O tema não estava previsto na pauta oficial, mas juntamente com a parceria entre o Banco do Sul e o Novo Banco de Desenvolvimento – questão levantada pelo presidente Maduro, da Venezuela – a discussão tornou-se um dos pontos centrais do encontro realizado em Brasília na quarta-feira, 16/07/2014.
Segundo o governo argentino, os papéis em posse desses fundos foram comprados na bacia das almas muitos anos depois da renegociação da dívida. Se esta loucura não for detida, o rombo nas contas públicas da Argentina poderá ultrapassar a casa dos U$ 46 bilhões, levando a uma moratória técnica com efeitos sistêmicos sobre toda a região, a começar pelo Brasil.
Em seu discurso de agradecimento, a presidente Cristina Kirchner criticou duramente a cobrança da dívida e disse que o país está sofrendo um ataque especulativo. “Esses fundos abutres não foram investidores na Argentina, compraram bônus em 2008, quando já havia passado sete anos da declaração do default. Eles nunca emprestaram dinheiro à República Argentina, mas compraram por centavos uma dívida de U$ 48 milhões”, observou a presidente.
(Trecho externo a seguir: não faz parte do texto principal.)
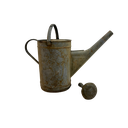 Arrosoir galvanisé avec pommeau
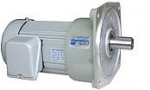 MOTOR GIẢM TỐC CHENTA-TAIWWAN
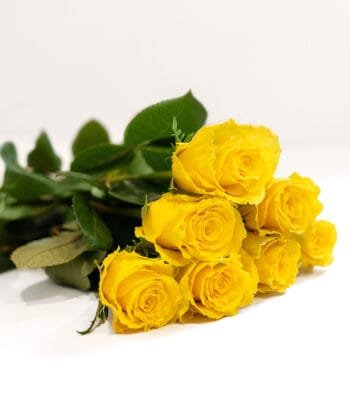 Желтая роза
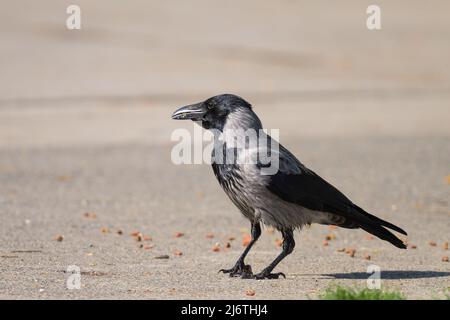 Un corvo carrione (Corvus corone) che raccoglie il cibo che giace sulla strada in una giornata di sole in primavera Foto Stock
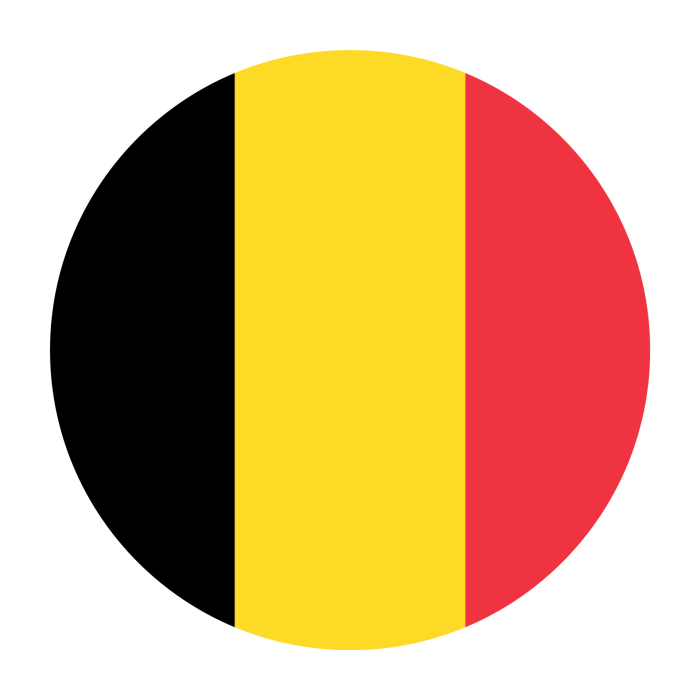 Relief belgium questions defence after dramatic win over wales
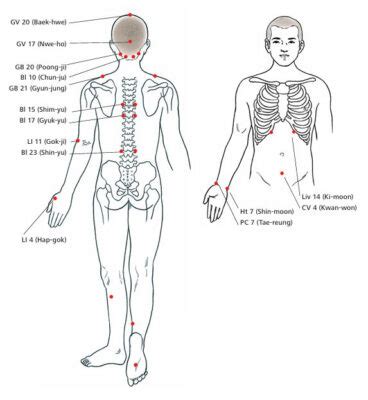 Meridian Exercises And Acupressure Points For High Blood Pressure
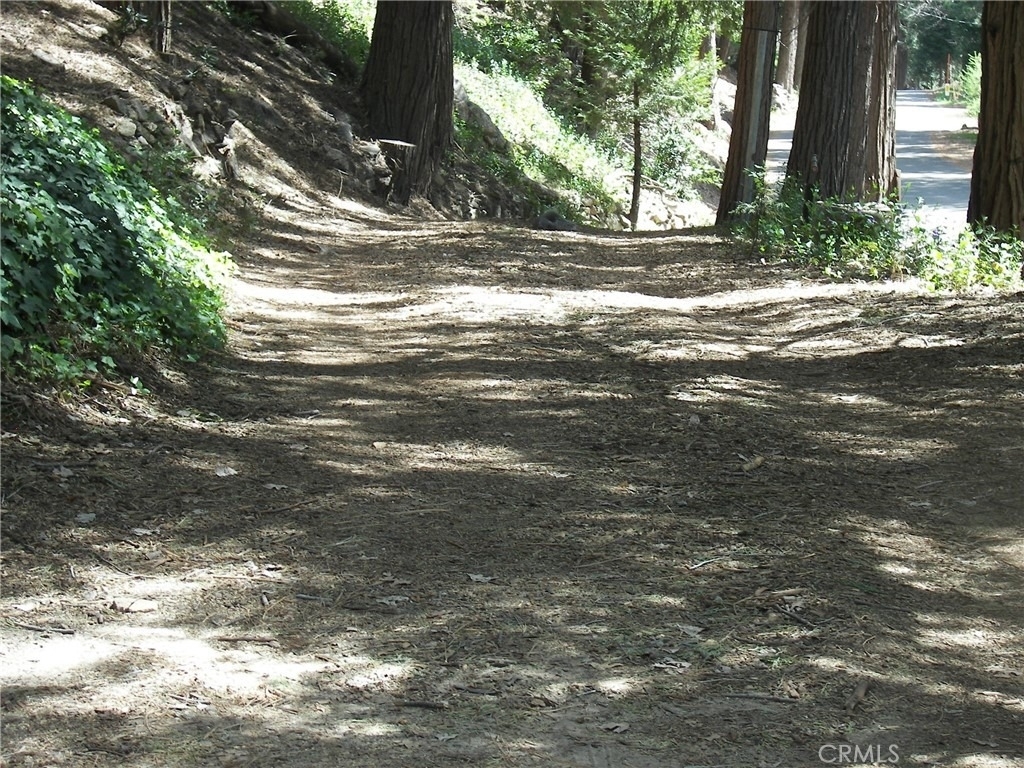 21636 Sawpit Canyon - Photo 50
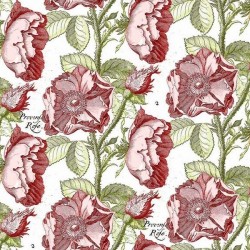 Hatters Tea Party - Antique Rose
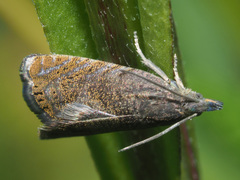 Dichrorampha sedatana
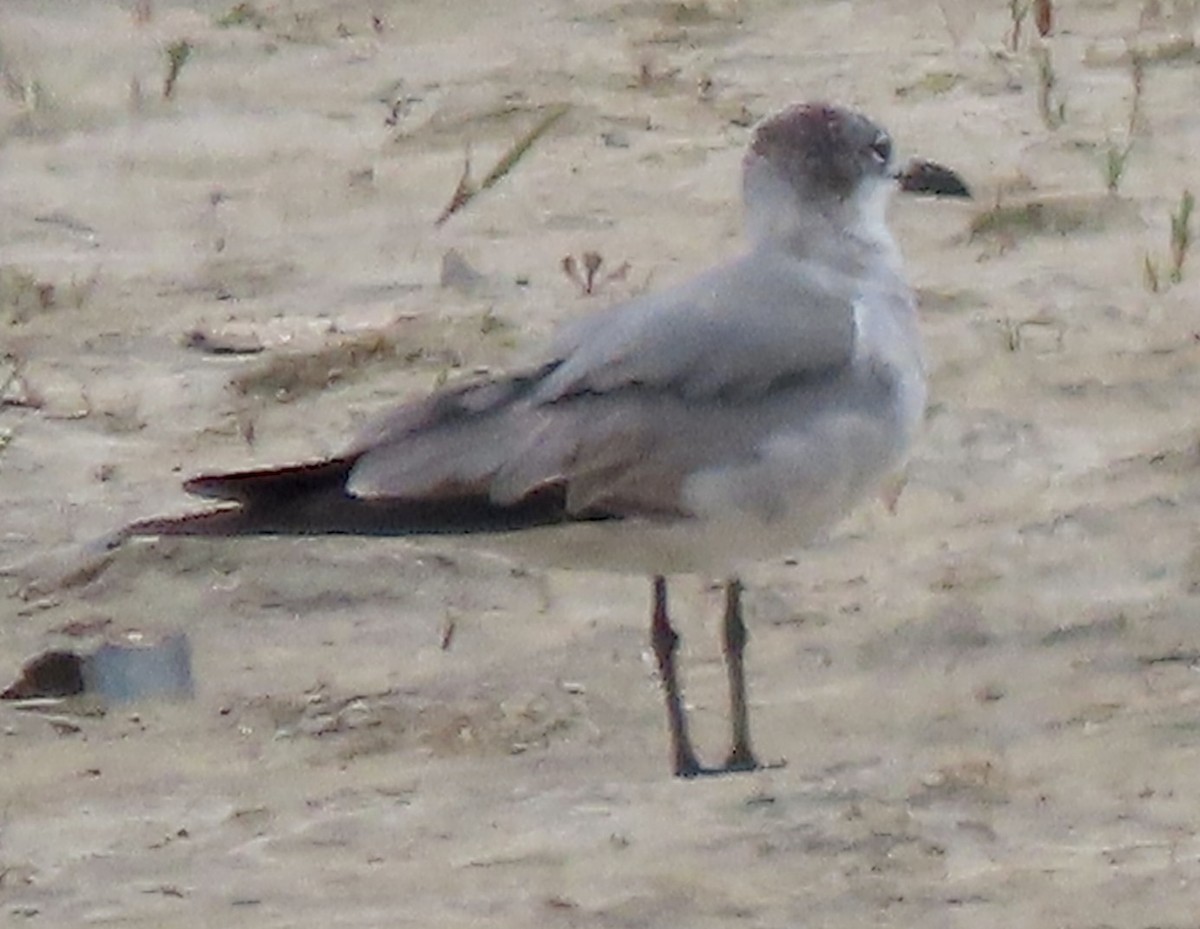 Laughing Gull - David Trissel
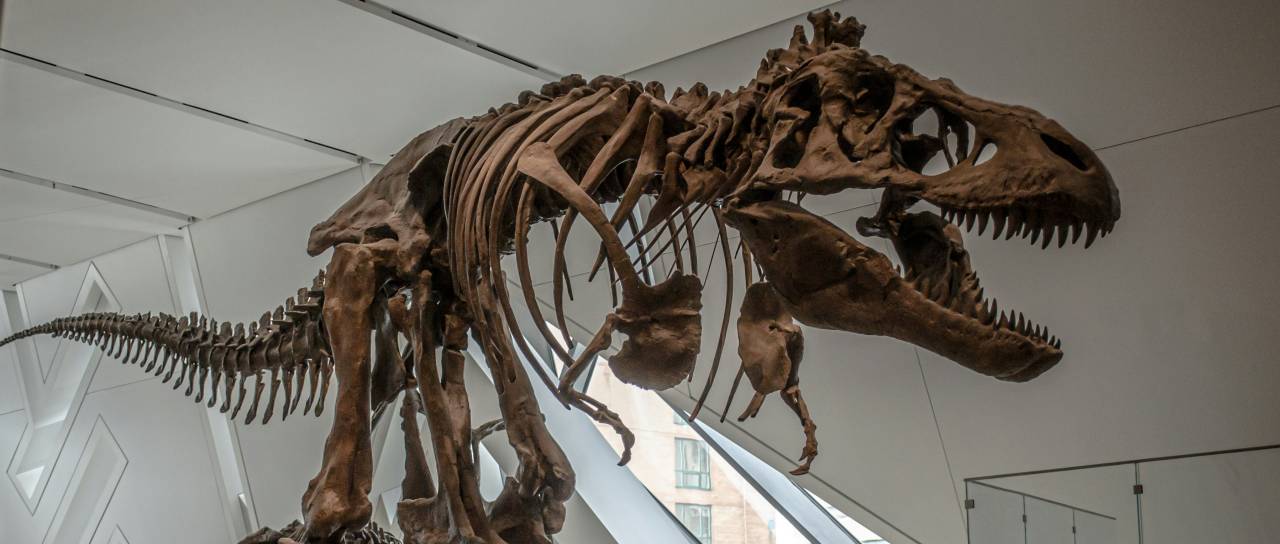 Veliko odkritje v Istri: Pod morjem našli ostanke še neznane vrste dinozavra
Por isso, no atual contexto, a realização do encontro BRICS / UNASUL adquire uma relevância maior para toda América do Sul.
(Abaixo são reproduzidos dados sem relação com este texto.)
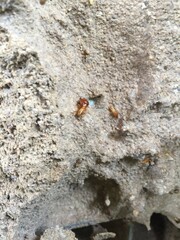 Macrotermes gilvus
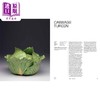 【中商原版】Ceramics An Atlas Of Forms 进口艺术 陶瓷：形式图集 T&H 商品缩略图4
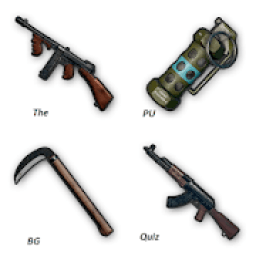 ikon The PUBG Quiz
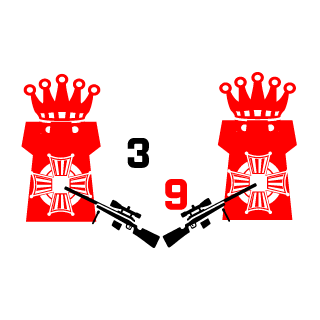 16_Damocl_13's emblem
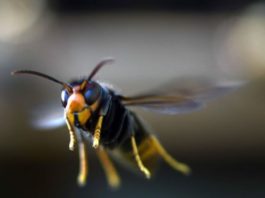 Cómo son los «avispones asesinos» que causan alarma en EE.UU. y que las autoridades intentan erradicar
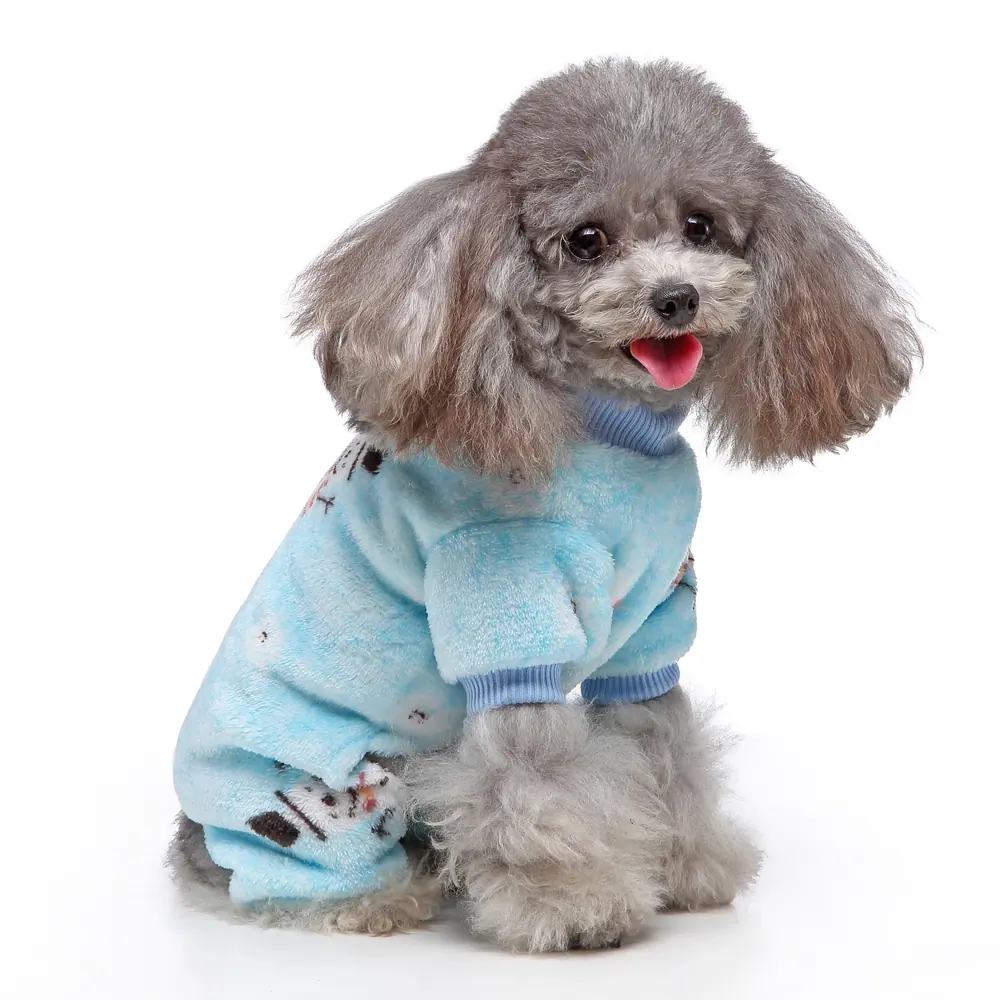 Grey poodle wearing a light blue patterned fleece sweater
Nos últimos 200 anos nunca estivemos tão próximos de reverter a dependência financeira que historicamente caracterizou a região. O chega pra lá nos abutres é uma prova disso, e foi acompanhado de críticas ao FMI e apoio a criação do Banco do BRICS. Futuramente este encontro será estudado como um dos acontecimentos que deu origem a nova ordem financeira mundial.
A principal diferença é que agora a América do Sul está entre os protagonistas, e não mais entre os espectadores, como aconteceu há 70 anos quando foram criadas as instituições de Bretton Woods.
Ao fazer jus ao que há de melhor em nossa tradição diplomática, a presidente Dilma se adiantou em dizer que os novos instrumentos financeiros não são contra ninguém, mas a favor da soberania da América do Sul. Às vésperas de uma campanha eleitoral que promete ser uma das mais acirradas ideologicamente do período recente, um pouco de elegância não faz mal a ninguém. Sobretudo quando alerta para os riscos de uma eventual regressão da nossa política externa independente contidos nas promessas da oposição.
Fossem vivos, Raúl Prebisch e Celso Furtado estariam exultantes. O momento é mesmo de comemoração.
(*) José Renato Vieira Martins, professor da UNILA, vice-presidente do FOMERCO, ex-pesquisador visitante do IPEA.